Your novels explore the idea of a slow apocalypse, what William Gibson calls the Jackpot in The Peripheral, and you call The Seizure. This feels like an apt description of the state of the world at the moment. Is this an idea we are likely to see more of in science fiction?

Yeah. I adapted Gibson’s famous saying to, “The apocalypse is already here, it’s just unevenly distributed.” And I show my students pictures of Aleppo, and say you know, this is the end of the world. And the First World War was the end of the world, also, to a certain degree. And If Then was written in the backdrop of, for me, you know we were redundant and we had no money and it felt like that. And at the same time Greece was running out of money and it felt like the end of the economic order there. I think the financial crisis, which really does hang over If Then in the same way that maybe 9/11 hangs over The Red Men, the financial crisis was the end of the world that actually people managed… not managed to stop happening but to turn the end into a kind of zombie economy that’s been sort of crawling round on its hands and knees ever since. And forestall any reckoning for what had been going on. And we’ve sort of been living in the slow moaning decline since that point. So that’s what the slow apocalypse feels like. There was the financial crisis, and a lot of money was invented to stop the moment of crisis from being an imminent one, and then it became a slow process of attrition from there.

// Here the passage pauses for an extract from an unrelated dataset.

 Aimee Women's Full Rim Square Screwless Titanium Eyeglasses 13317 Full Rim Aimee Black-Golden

You mention Nelson from The Red Men not acting like a typical protagonist. James from If Then has had part of his brain removed as part of his role as the town bailiff, so the Process can act through him. Theodore Drown from The Destructives is emotionally cauterised by his weirdcore abuse. What are the challenges of writing these emotionally stunted characters?

The Destructives (cover)The challenge is that, like Doctor Who, my characters can’t pull guns, or commit acts of violence, unless the plot really calls for it. They tend not to be conventionally heroic. What is interesting about protagonists is the choice they have to make. And often the choice that’s presented to a protagonist is between a terrible option and an even worse one. And that’s how my novels are structured. And that’s quite conventional, in terms of dramatic structure.

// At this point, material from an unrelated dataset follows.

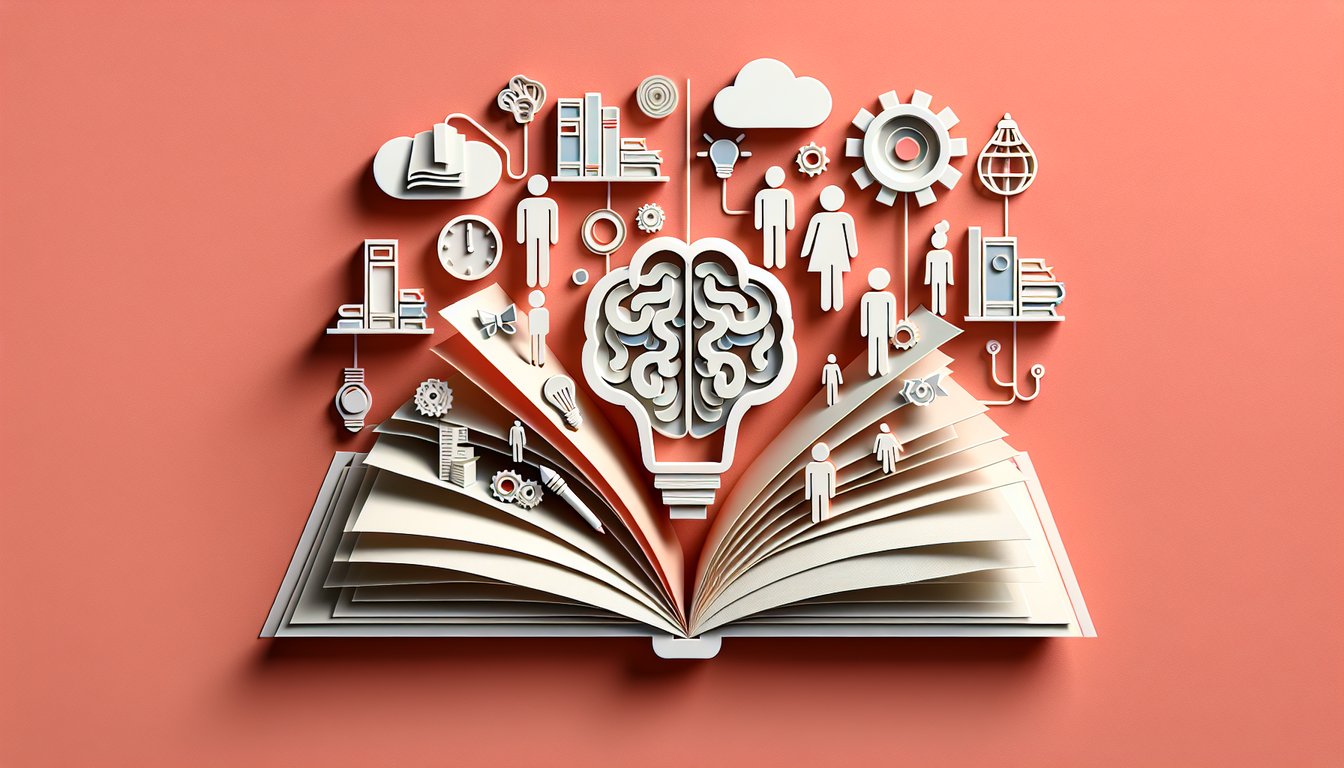 Paper art illustration for quiz on gifted student traits on a coral background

What interests me is when you’re faced by all these forces that only want you to do the wrong thing, and your success is dependant on you continuing to do the wrong thing, can you muster moral action, without entirely destroying yourself? Or even, destroy yourself, but still muster the moral action. So all that really interests us, I think, in reading novels, what interests me is observing characters that go through these crises of decision making. They’re forced to go through this cause in our lives we often don’t choose or we ignore those moments. And that’s why we need fiction, to see what would happen if we did make those decisions.

Your work features complex science fictional concepts but also complex, well drawn characters. Which comes first, the science fiction idea or the character?

I think that my characters aren’t deep in the conventional sense, they don’t have a lot of backstory. Which is why I often knock out parts of their brain, it’s so that you’re not confronted with all this crap from their childhood. Because a character should only exist in terms of being an agent within the structure. You need to know enough about them to understand their choice. And that’s it, you know, the rest of it’s irrelevant.

The idea always comes first, and with those three novels as you’ve rightly identified, I think Nina Allan spots a similar thing, it’s like, they all have similarities in terms of they’re really as bare boned as protagonists as you can go. In a novel I think the less there is about the protagonist the more the reader can project into the choice which is what matters. Is James going to evict the child or not? That’s all it’s about, and the less there is of James, the more there is of the reader. It’s the secondary characters who need to be well drawn, because you’re seeing them through these points of view.

Like Ruth in If Then.

Yes. We use her point of view but she’s a much more interesting and fleshed out character. So to see them in isolation is not right because if James is too fleshed out, then Ruth… it doesn’t necessarily work for both of them. You need to have the balance within them. I’m really interested in these questions around point of view because it’s something that I think I get some resistance from readers when they switch between points of view or when things switch within books. And I understand their resistance because they’re invested in this and then I’ve moved it over here. And I don’t know whether I’m doing it wrong or if there’s different levels of expectation. But to me like the novel, to be complete, has to have different points of view in it.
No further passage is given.